Fate of omnibus bill unclear as House, Senate plan brief return

The House is scheduled to take up the huge spending bill next week. The Senate will also convene to try to pass the measure, but several senators will likely seek to block the effort.

The House will be in session next Monday to pass the fiscal 2004 omnibus spending bill before leaving for the remainder of the year, while the Senate expects to return one day later to make an effort to get a unanimous consent agreement to take up the omnibus.

Objections are expected from both sides of the aisle, according to a spokeswoman for Minority Leader Tom Daschle, D-S.D., meaning final action on the remaining seven appropriations bills that were wrapped into the omnibus will be delayed until early next year.

The omnibus bill includes the Transportation-Treasury appropriations bill, which contains language granting white-collar federal employees a 4.1 percent average pay raise in 2004.

There are no scheduled roll call votes in the Senate and it is unlikely efforts will be made to seek agreements on floor time for either class action reform or pension legislation, said a spokeswoman for Senate Majority Leader Bill Frist, R-Tenn. Agreements were made in the waning hours of last week on these two items, but much work remains, aides said.

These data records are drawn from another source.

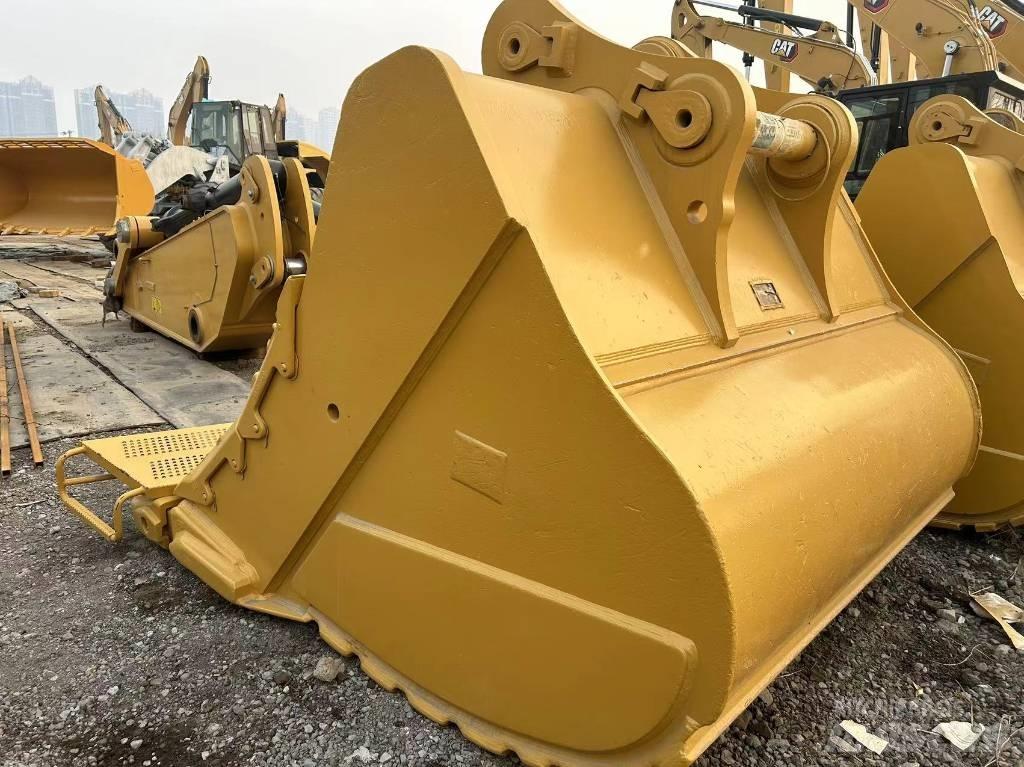 CAT 2020 CAT 390F Ratiniai ekskavatoriai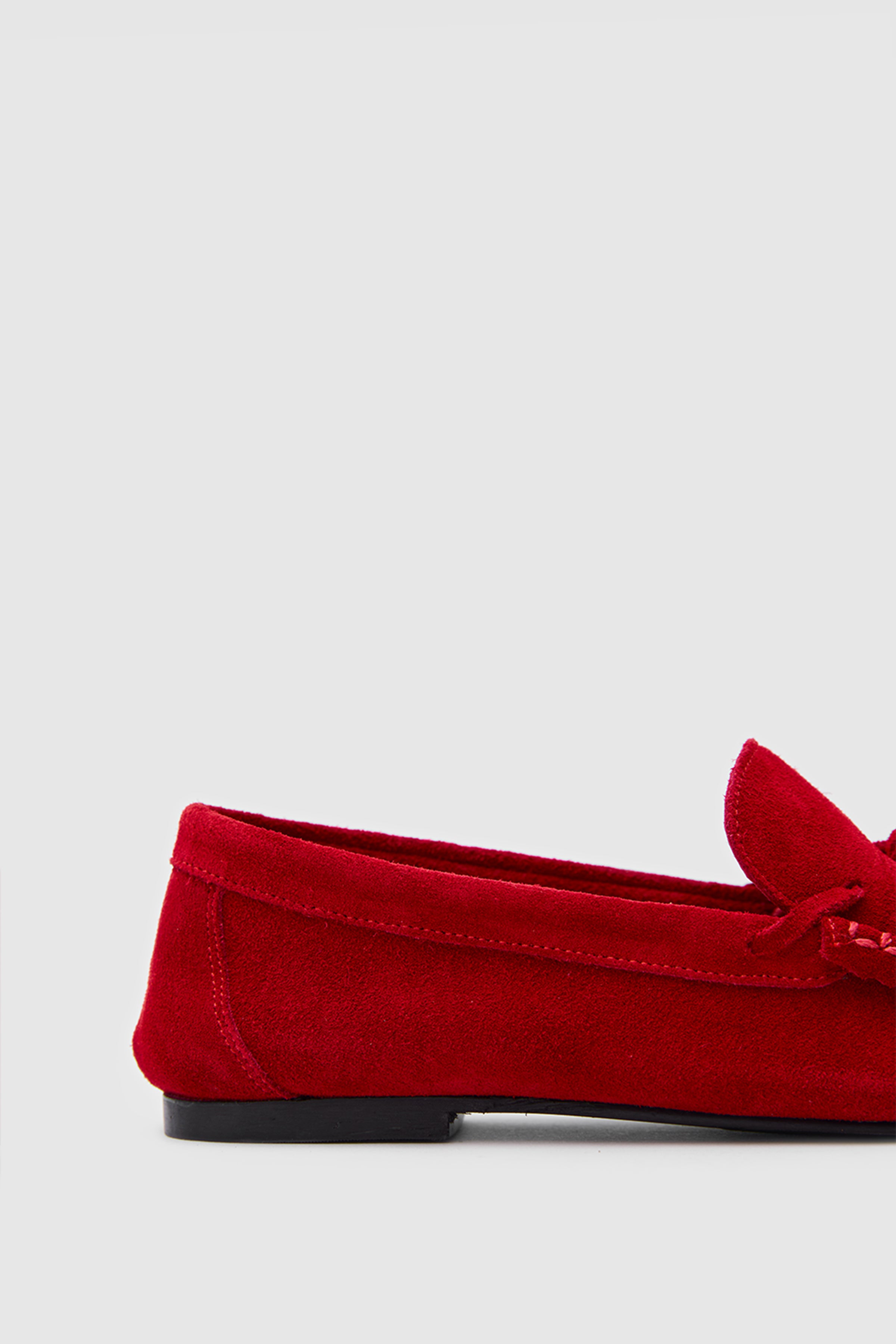 OGGO SUVEA SÜET HAKİKİ DERİ FİYONLU & SARAÇLI LOAFER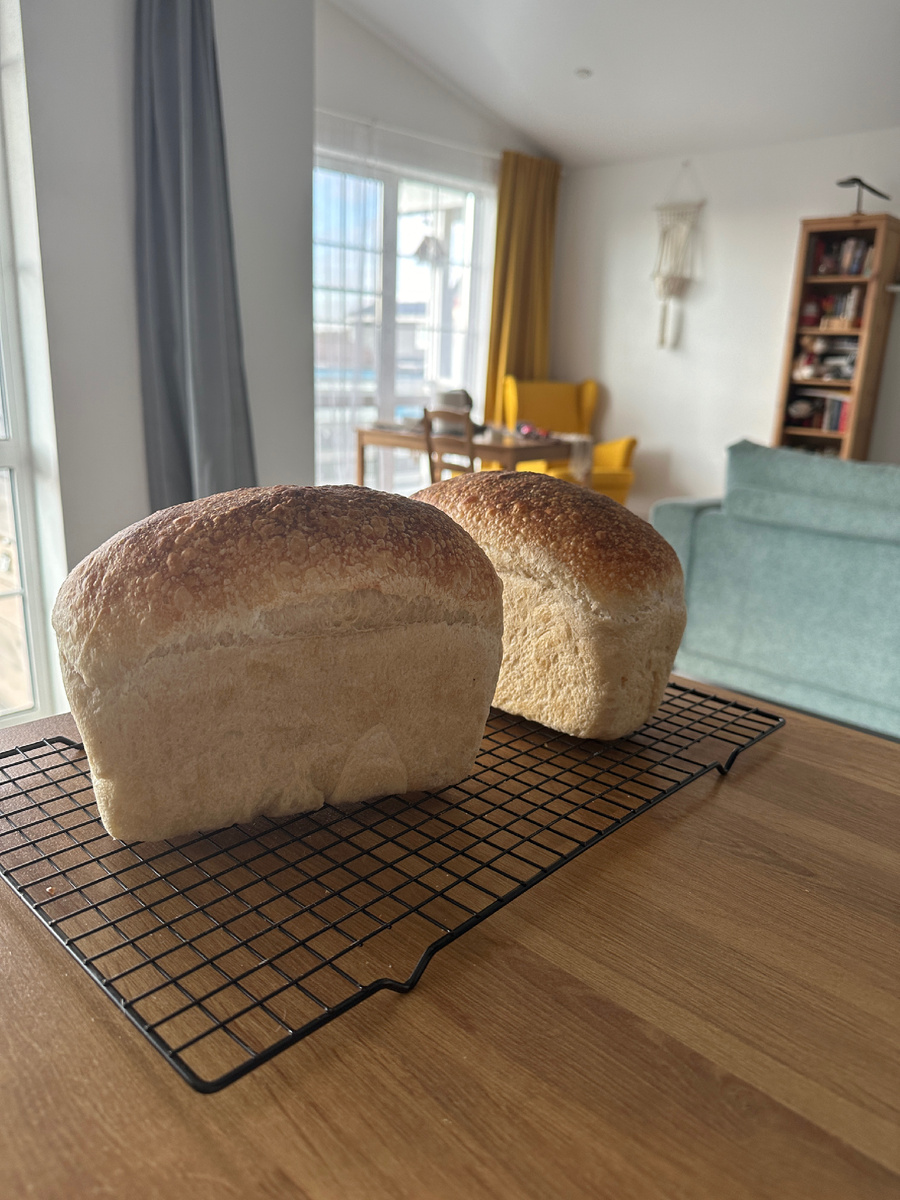 Пшеничный формовой хлеб на закваске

Frist will be giving a speeches in Tennessee this week, and will also travel to New York to participate in a Christmas charity program, a spokesman said. Daschle will be in New York Tuesday to promote his new book on the "Charlie Rose Show" and Comedy Central's "Daily Show," his spokeswoman said. He will be in South Dakota the rest of the week for book signings and fundraisers.

Besides voting on the omnibus, the House is expected next Monday to cast a final vote on a bipartisan bill to combat unsolicited commercial e-mail, a spokesman for Speaker Dennis Hastert, R-Ill., said Monday. A compromise version of the "Controlling the Assault of Non-Solicited Pornography and Marketing Act" passed the House last month on a 392-5 vote.

The Senate, which had unanimously approved its version of the bill in October, signed off on the House changes last Tuesday. But the Senate made minor technical changes that require another House vote before Congress can send the bill to President Bush, according to a spokeswoman for Senate Commerce Communications Subcommittee Chairman Conrad Burns, R-Mont.